What is expected ▸ Which lines run from the start of the material below through the line containing "3D Sordo Barbaresco Bottle model"? Retype them exactly, pictures excluded.

*** Opening Information provided ***

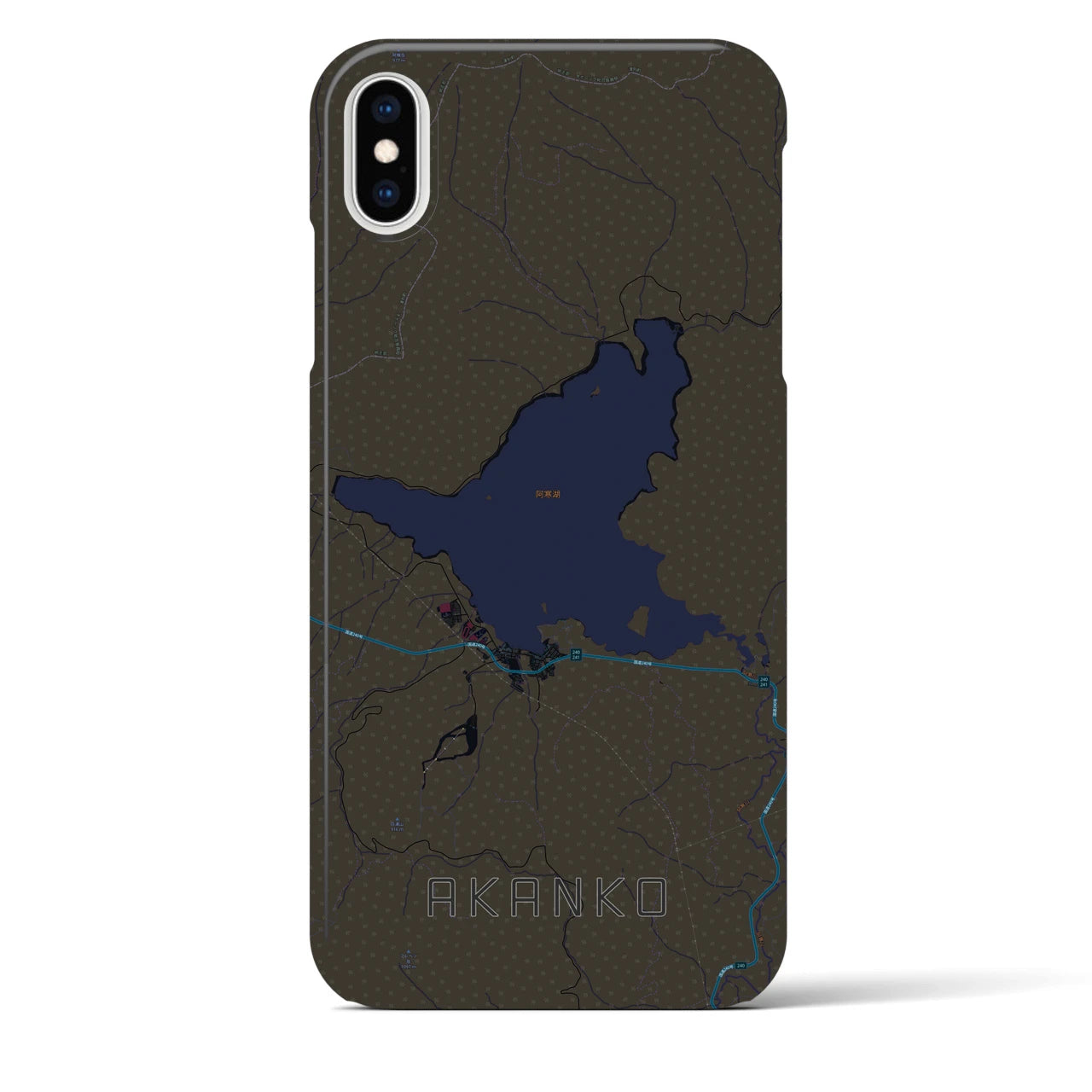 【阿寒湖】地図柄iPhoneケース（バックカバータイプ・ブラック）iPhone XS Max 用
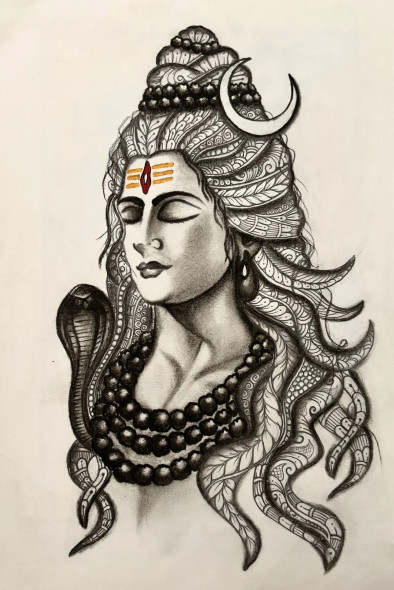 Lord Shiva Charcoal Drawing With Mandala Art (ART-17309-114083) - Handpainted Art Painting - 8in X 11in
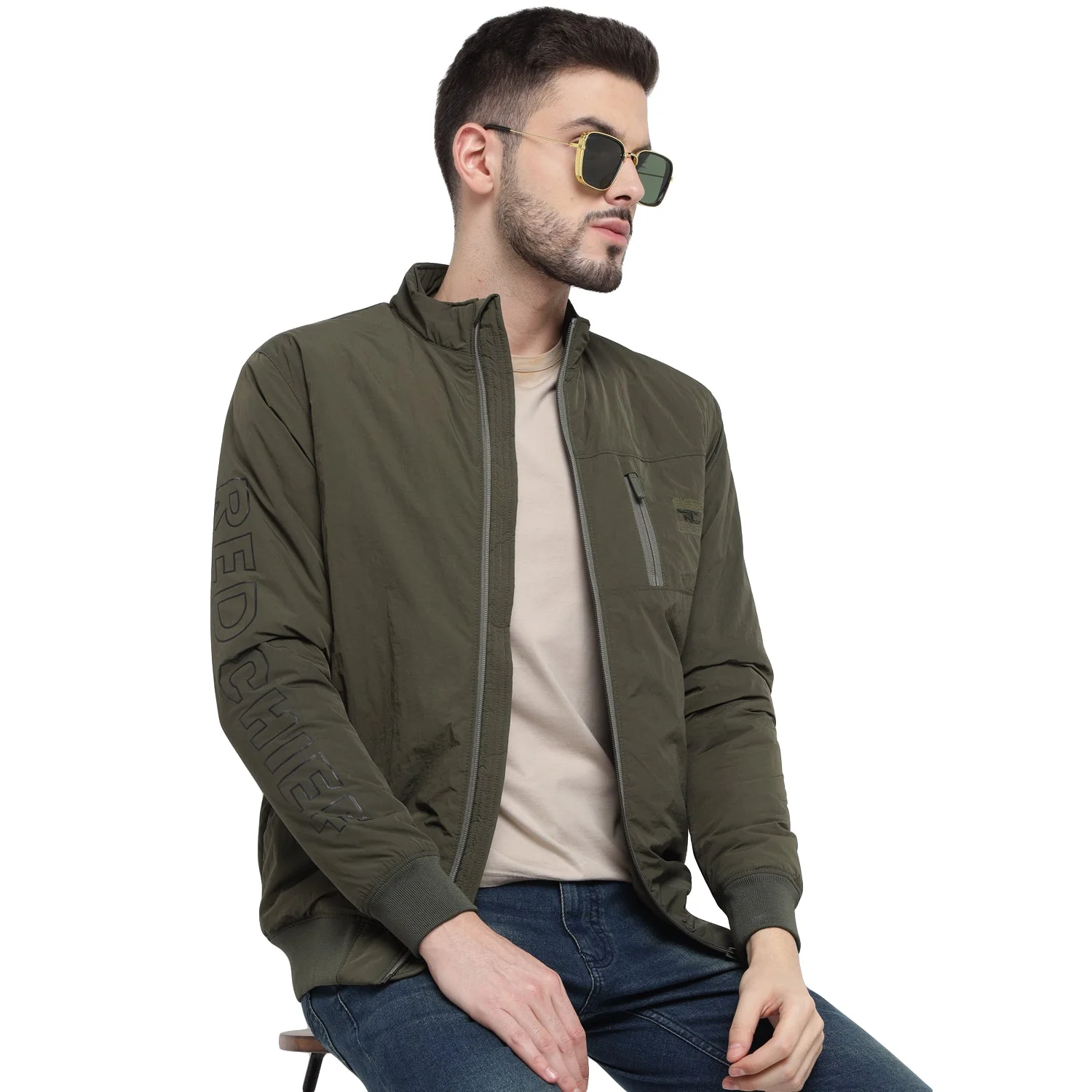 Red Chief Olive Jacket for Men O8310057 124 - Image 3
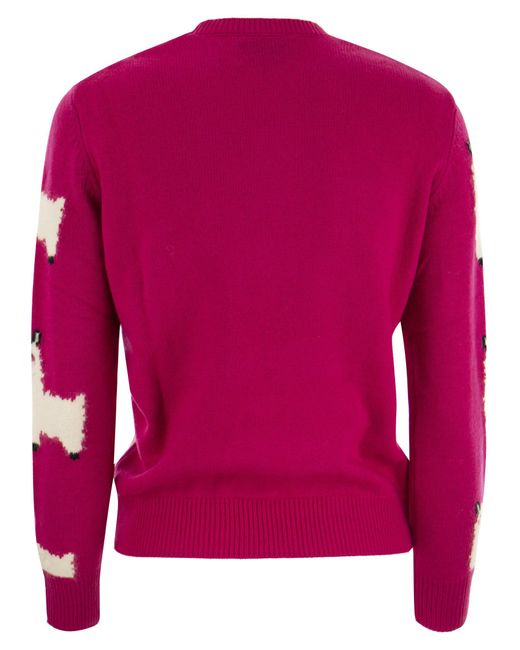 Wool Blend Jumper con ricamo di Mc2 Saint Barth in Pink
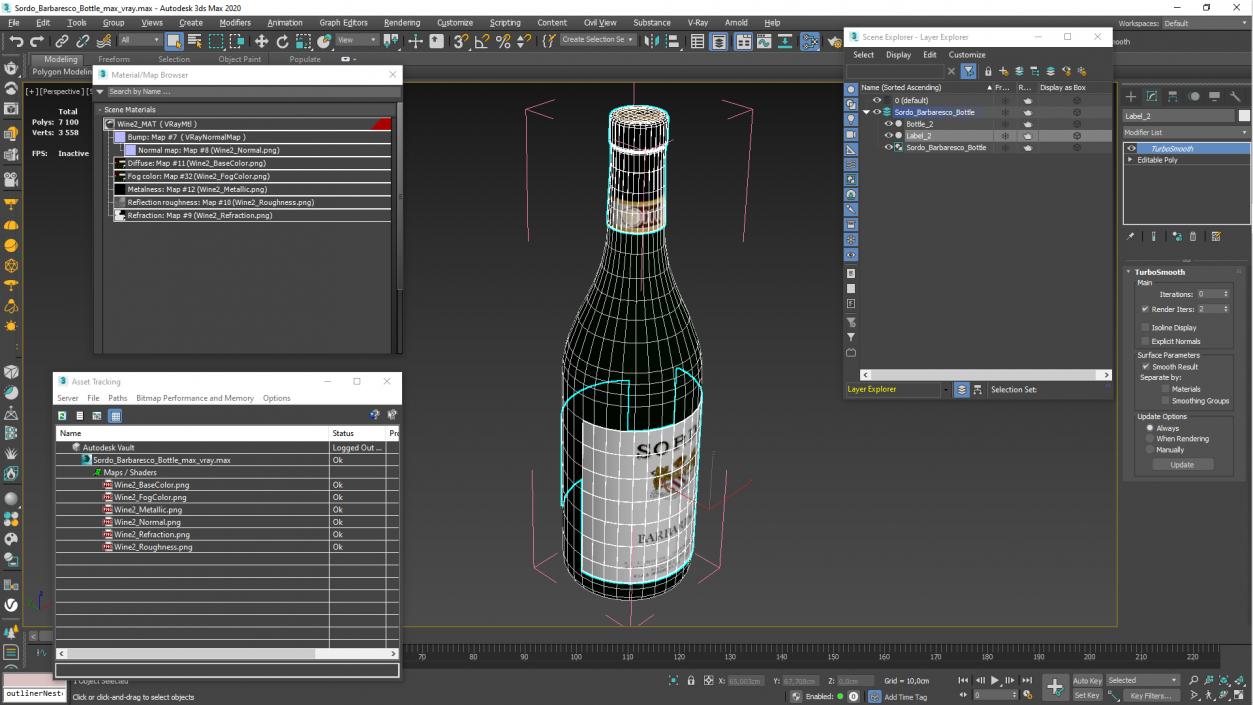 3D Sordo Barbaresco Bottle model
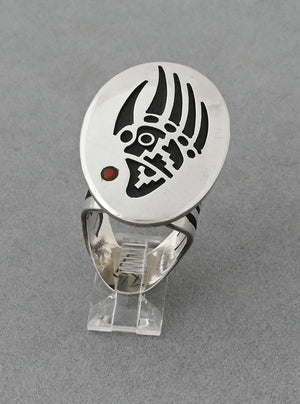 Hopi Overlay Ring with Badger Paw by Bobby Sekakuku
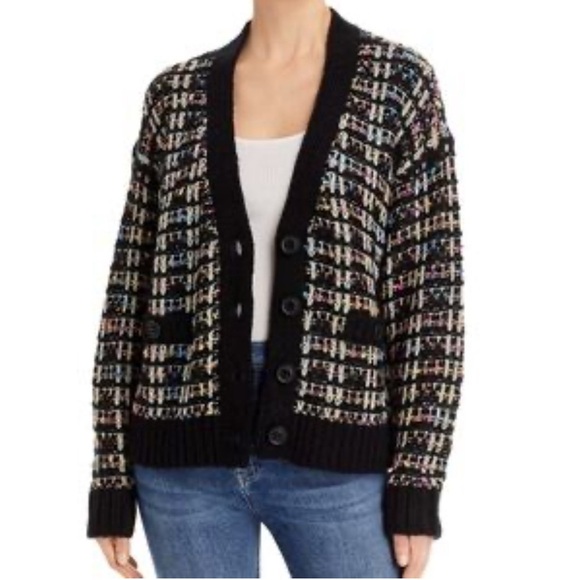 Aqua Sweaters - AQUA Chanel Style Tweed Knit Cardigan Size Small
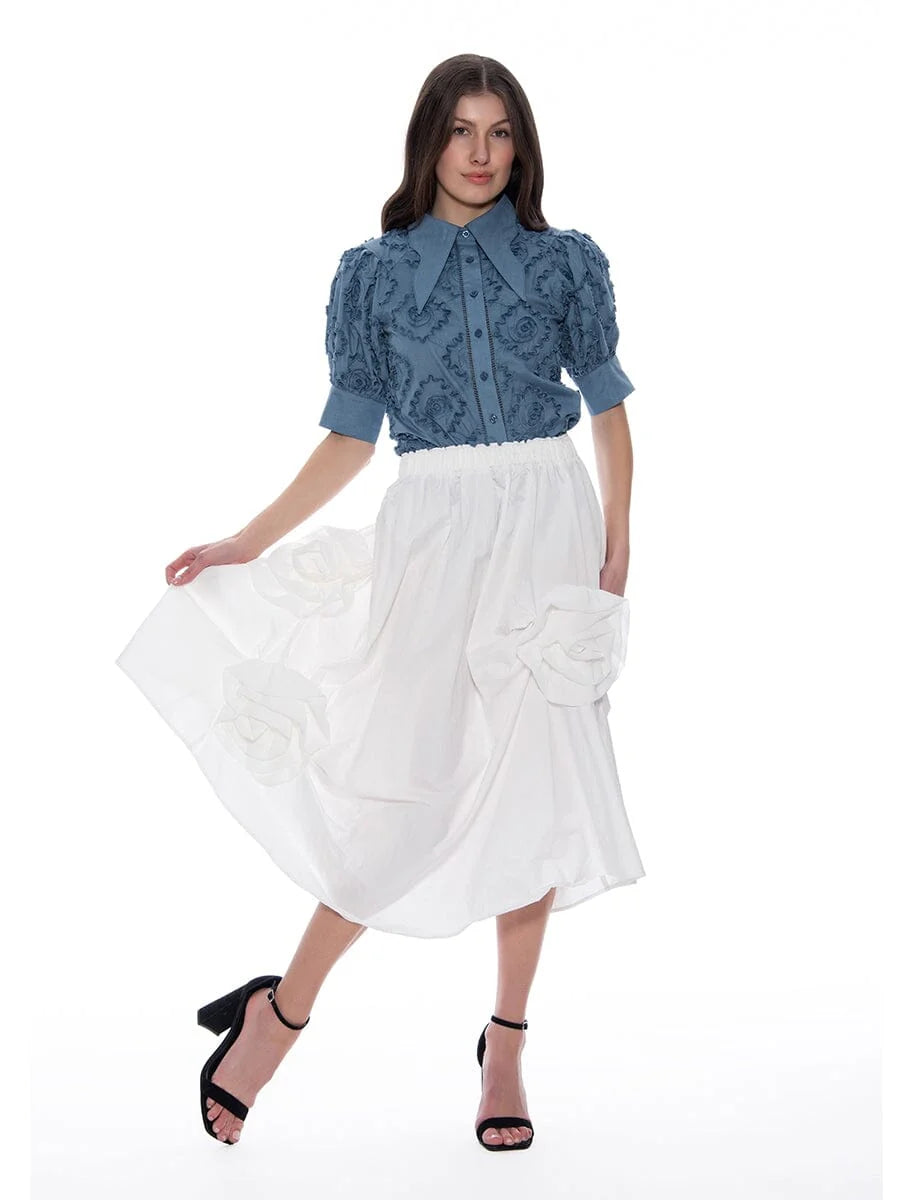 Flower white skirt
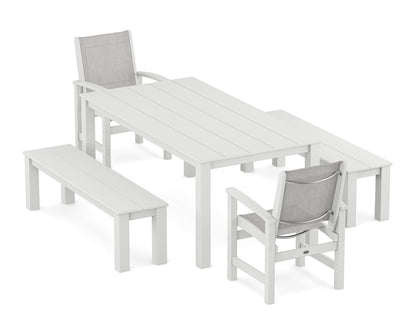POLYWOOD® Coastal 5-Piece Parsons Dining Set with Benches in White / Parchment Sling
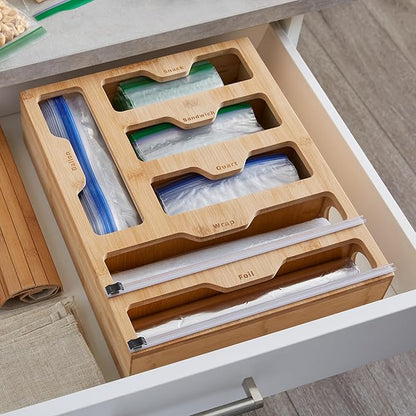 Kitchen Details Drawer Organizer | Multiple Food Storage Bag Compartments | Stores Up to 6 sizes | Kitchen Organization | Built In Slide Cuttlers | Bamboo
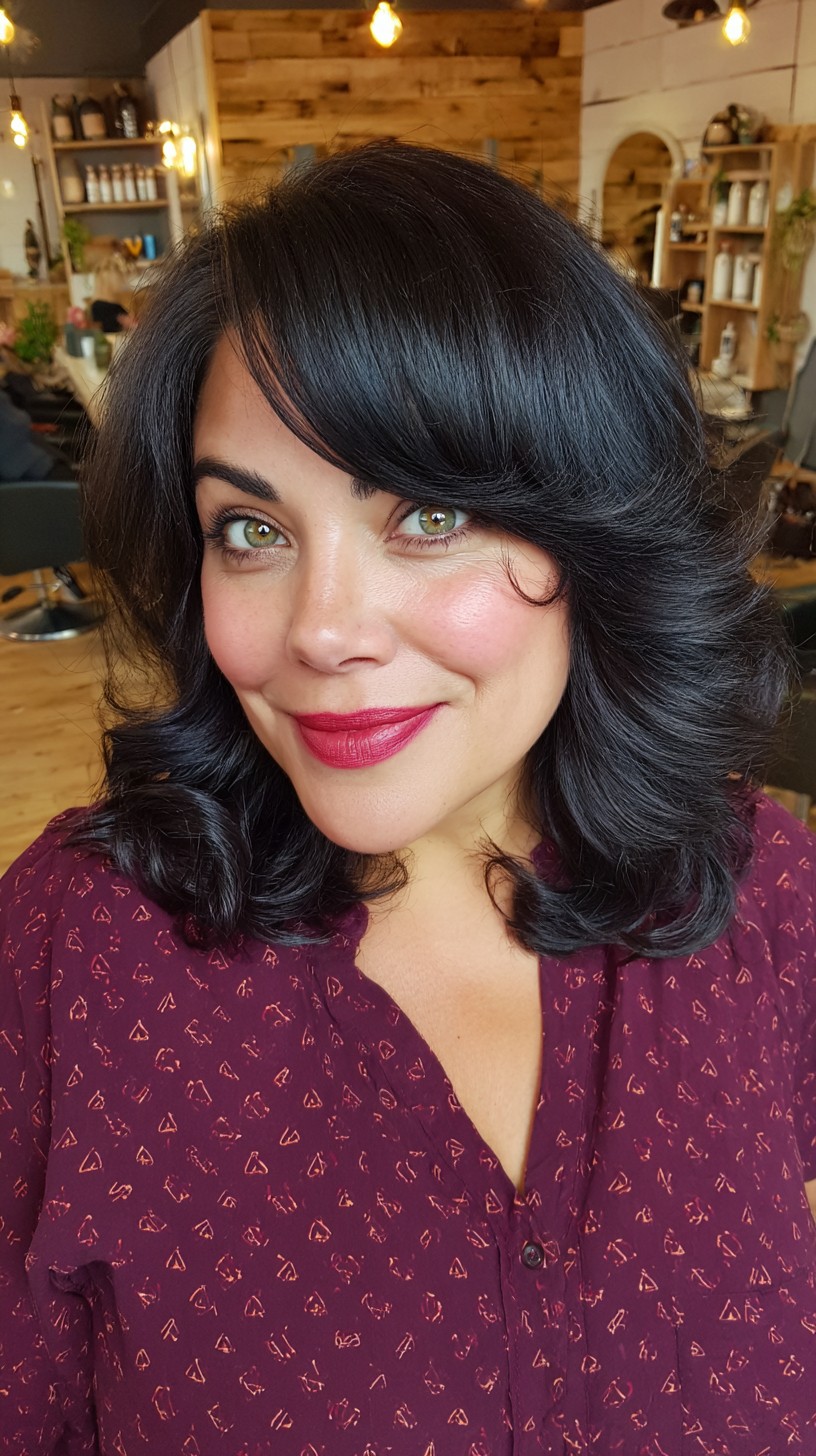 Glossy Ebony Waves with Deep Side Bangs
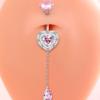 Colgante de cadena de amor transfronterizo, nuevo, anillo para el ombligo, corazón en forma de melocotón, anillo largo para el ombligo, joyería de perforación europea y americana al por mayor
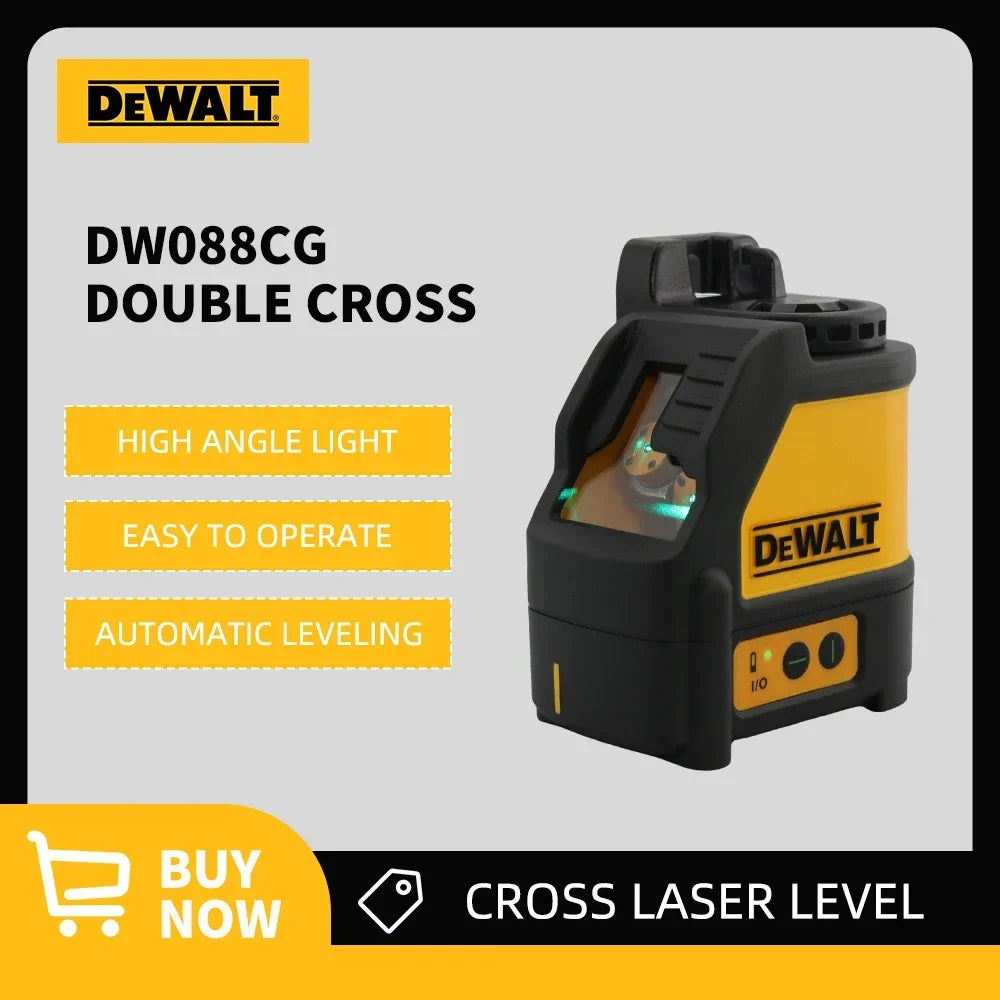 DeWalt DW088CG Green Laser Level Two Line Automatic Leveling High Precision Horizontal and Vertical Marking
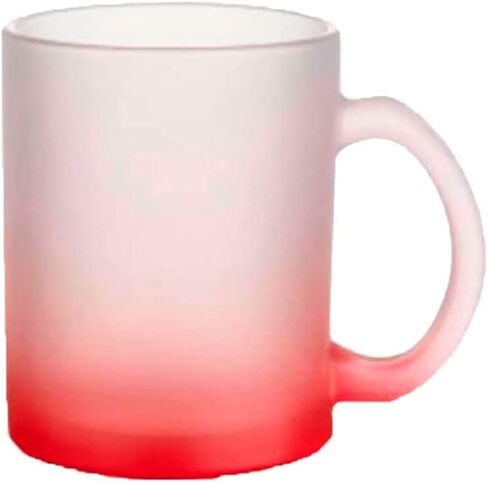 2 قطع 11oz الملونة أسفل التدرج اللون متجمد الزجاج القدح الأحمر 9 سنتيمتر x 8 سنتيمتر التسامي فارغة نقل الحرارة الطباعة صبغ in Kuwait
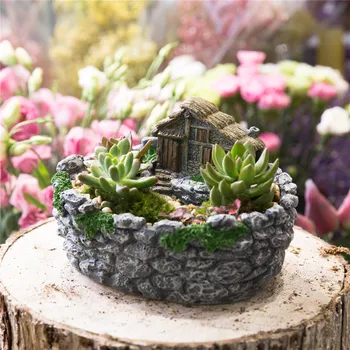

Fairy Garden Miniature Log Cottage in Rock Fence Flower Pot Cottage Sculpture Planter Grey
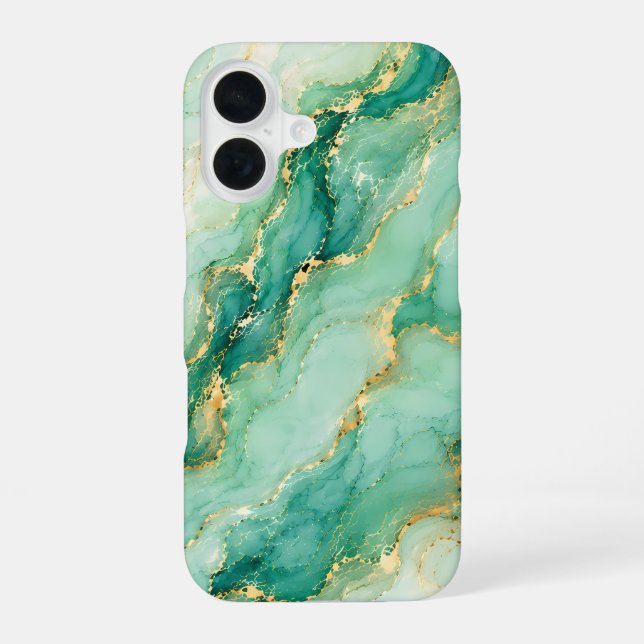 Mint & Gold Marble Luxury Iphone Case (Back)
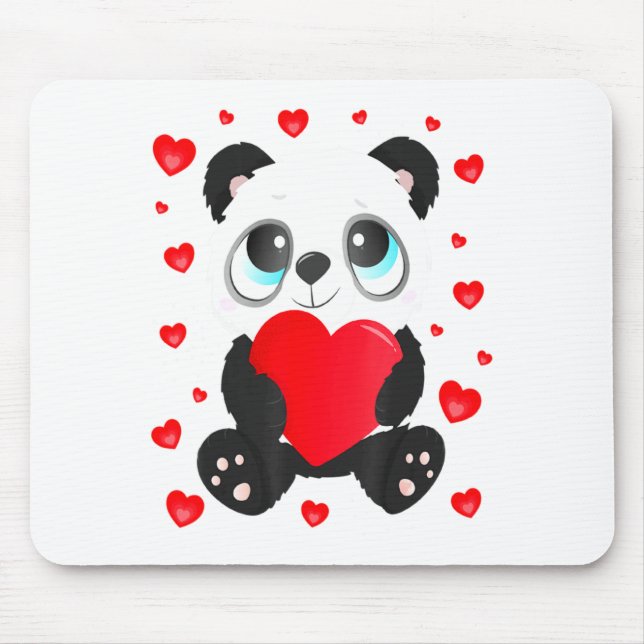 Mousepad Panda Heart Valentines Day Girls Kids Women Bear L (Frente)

*** Closing Information provided ***

Result of the task ▸
 【阿寒湖】地図柄iPhoneケース（バックカバータイプ・ブラック）iPhone XS Max 用
 Lord Shiva Charcoal Drawing With Mandala Art (ART-17309-114083) - Handpainted Art Painting - 8in X 11in
 Red Chief Olive Jacket for Men O8310057 124 - Image 3
 Wool Blend Jumper con ricamo di Mc2 Saint Barth in Pink
 3D Sordo Barbaresco Bottle model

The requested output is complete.